Archives for category: Schools and Power

fullsizeoutput_1d46I love IEP meetings! If you’ve been involved in the IEP process, as a parent or educator, you probably think that sounds preposterous. In fact, there is a whole cottage industry on Etsy of t-shirts and coffee mugs poking fun at the often contentious, tedious, and exhausting process of developing programs of support and specialized instruction for students with disabilities.

 

While they are somewhat in good fun, the tension, resentment, and frustration that underlie the slogans are evident to anyone in the know:

Sorry for what I said during IEP season

IEP: I Expect Progress

Keep Calm and Avoid Due Process

Goal: In 2 out of 3 trials I will be nice at the IEP

I’m “That Mom” #SorryNotSorry

(Full disclosure: I have pondered the purchase of two such products: (1) the gift sets of coffee cup reading IEP Prep and wine glass reading IEP Recovery and (2) a t-shirt reading Radical Inclusionista.)

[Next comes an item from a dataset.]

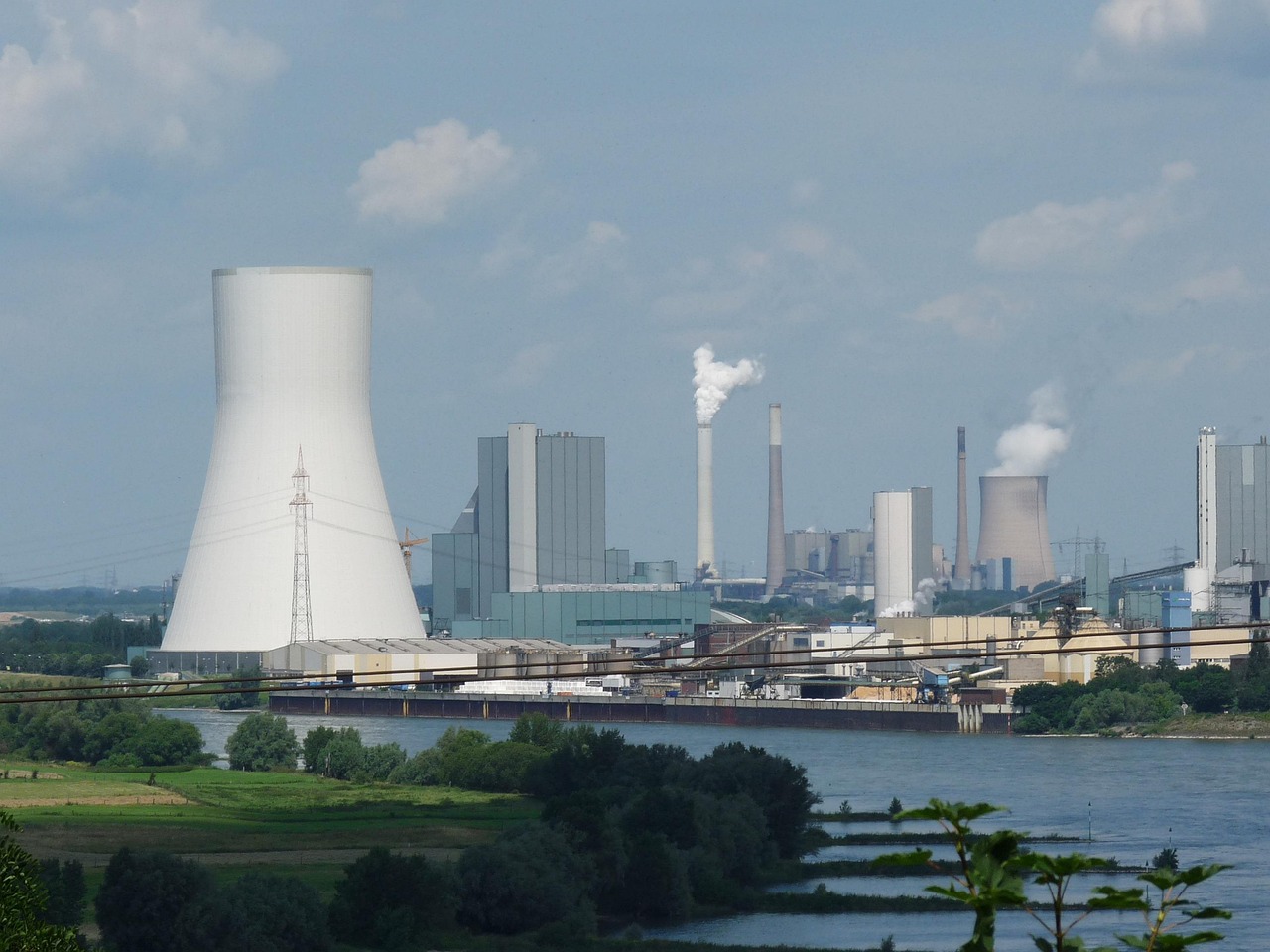 新安江水电站：从电力短缺到千岛湖奇迹，揭秘新中国首座大型水电站的辉煌历程与生态智慧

But I have come to see the IEP table as a powerful place where a dedicated team of experts come together to think deeply about how to support one student. Experts in speech and language development, fine and gross motor development, teaching reading and math, building positive peer relationships, and experts about one very important child – her parents or guardians. No one is in it for the money – or the snacks. (I always plan on baking something wonderful, but never manage to fit it in to my IEP prep schedule.)

We bring ourselves as we are: overworked, underpaid (or not paid at all), sometimes emotional or overwhelmed or frustrated. We come together to share ideas and build the next part of the path. When you get beyond the jargon and MANY acronyms (PLOP = “present levels of performance,” LRE = “least restrictive environment,” ESY = “extended school year”), the team bats around ideas for accommodations and supplementary services, decides on service hours and where they should be provided and by whom. We talk about strategies – what’s been working and what hasn’t. We share anecdotes about the student in the classroom, at home, in the community to better understand how we might leverage strengths in the service of learning or track down the roots of challenges that stand in the way of progress.

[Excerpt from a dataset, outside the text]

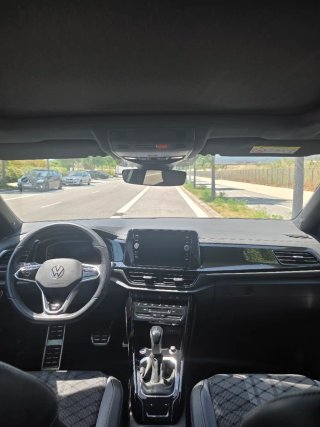 Volkswagen T-Roc 2023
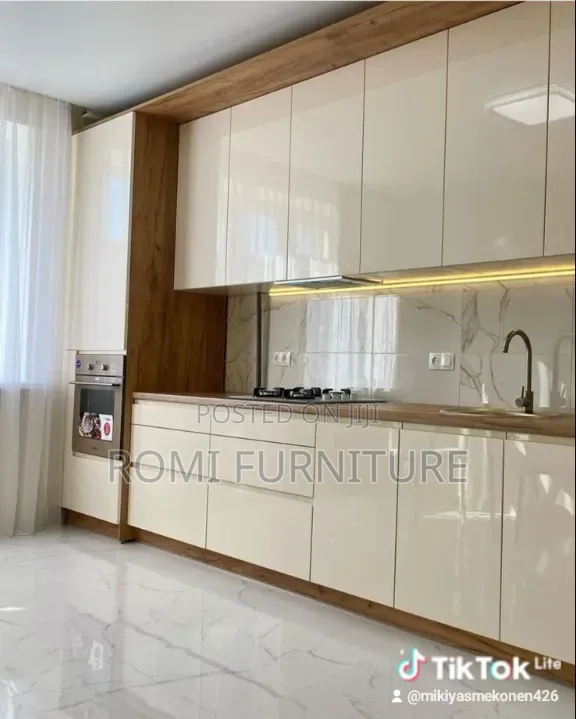 Kitchen Cabinet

When we do IEP meetings right (and in my experience, City Neighbors stands out for its commitment to doing them right), we build a powerful connected set of supports and services that can help students thrive in our school communities.

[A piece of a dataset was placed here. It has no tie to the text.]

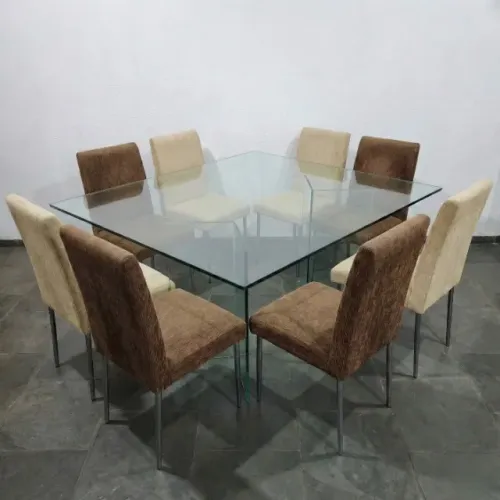 Mesa de vidro 1,5m x 1,5m com 8 cadeiras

What does it take for the IEP table to a place of collaboration rather than contention? Here are few tips I’ve learned from and with my daughter’s team at City Neighbors:

  1. Assume the best intentions of every team member.
  2. Have confidence in your own expertise, including parents/caregivers! (You know your child best! Your most important role is helping individual team members to better understand your whole child – bring photos of your child from outside school doing the things they love, write an “all about me” document talking about your child’s strengths and challenges, what works best at home, what your child loves to do, what your child and your family envisions for the future.)
  3. Come prepared. Read the reports. Make some notes. Ask questions.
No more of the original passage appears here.